Skip all lines in the entries below that come before the one containing "this 1000×667 image.". Repeat that line and the rest exactly.

═══ Task data ═══

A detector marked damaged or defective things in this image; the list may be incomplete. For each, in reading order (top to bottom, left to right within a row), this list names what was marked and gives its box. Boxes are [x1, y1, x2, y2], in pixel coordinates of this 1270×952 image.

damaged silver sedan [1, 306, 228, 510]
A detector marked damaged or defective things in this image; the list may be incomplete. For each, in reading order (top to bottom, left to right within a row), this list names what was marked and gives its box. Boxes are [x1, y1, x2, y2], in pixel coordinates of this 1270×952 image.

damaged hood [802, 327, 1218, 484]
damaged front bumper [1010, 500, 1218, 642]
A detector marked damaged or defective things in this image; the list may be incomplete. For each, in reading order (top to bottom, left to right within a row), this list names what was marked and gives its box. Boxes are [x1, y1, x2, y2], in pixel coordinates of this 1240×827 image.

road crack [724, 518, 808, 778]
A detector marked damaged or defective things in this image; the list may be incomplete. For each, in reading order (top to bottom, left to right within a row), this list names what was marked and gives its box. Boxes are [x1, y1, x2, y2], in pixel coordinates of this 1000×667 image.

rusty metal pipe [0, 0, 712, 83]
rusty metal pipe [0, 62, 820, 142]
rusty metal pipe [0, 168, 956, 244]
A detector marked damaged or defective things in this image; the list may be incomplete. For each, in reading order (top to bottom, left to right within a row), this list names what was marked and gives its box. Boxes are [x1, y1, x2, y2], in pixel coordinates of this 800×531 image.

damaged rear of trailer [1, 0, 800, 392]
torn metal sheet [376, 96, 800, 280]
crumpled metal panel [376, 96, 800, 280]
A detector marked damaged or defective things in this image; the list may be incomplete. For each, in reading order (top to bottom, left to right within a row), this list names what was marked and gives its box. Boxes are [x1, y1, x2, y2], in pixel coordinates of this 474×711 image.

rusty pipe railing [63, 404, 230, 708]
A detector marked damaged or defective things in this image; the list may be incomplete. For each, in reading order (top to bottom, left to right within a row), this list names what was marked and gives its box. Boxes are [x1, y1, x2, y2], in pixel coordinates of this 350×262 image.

═══

» Your response:
A detector marked damaged or defective things in this image; the list may be incomplete. For each, in reading order (top to bottom, left to right within a row), this list names what was marked and gives its box. Boxes are [x1, y1, x2, y2], in pixel coordinates of this 1000×667 image.

rusty metal pipe [0, 0, 712, 83]
rusty metal pipe [0, 62, 820, 142]
rusty metal pipe [0, 168, 956, 244]
A detector marked damaged or defective things in this image; the list may be incomplete. For each, in reading order (top to bottom, left to right within a row), this list names what was marked and gives its box. Boxes are [x1, y1, x2, y2], in pixel coordinates of this 800×531 image.

damaged rear of trailer [1, 0, 800, 392]
torn metal sheet [376, 96, 800, 280]
crumpled metal panel [376, 96, 800, 280]
A detector marked damaged or defective things in this image; the list may be incomplete. For each, in reading order (top to bottom, left to right within a row), this list names what was marked and gives its box. Boxes are [x1, y1, x2, y2], in pixel coordinates of this 474×711 image.

rusty pipe railing [63, 404, 230, 708]
A detector marked damaged or defective things in this image; the list may be incomplete. For each, in reading order (top to bottom, left to right within a row), this list names what was marked and gives its box. Boxes are [x1, y1, x2, y2], in pixel coordinates of this 350×262 image.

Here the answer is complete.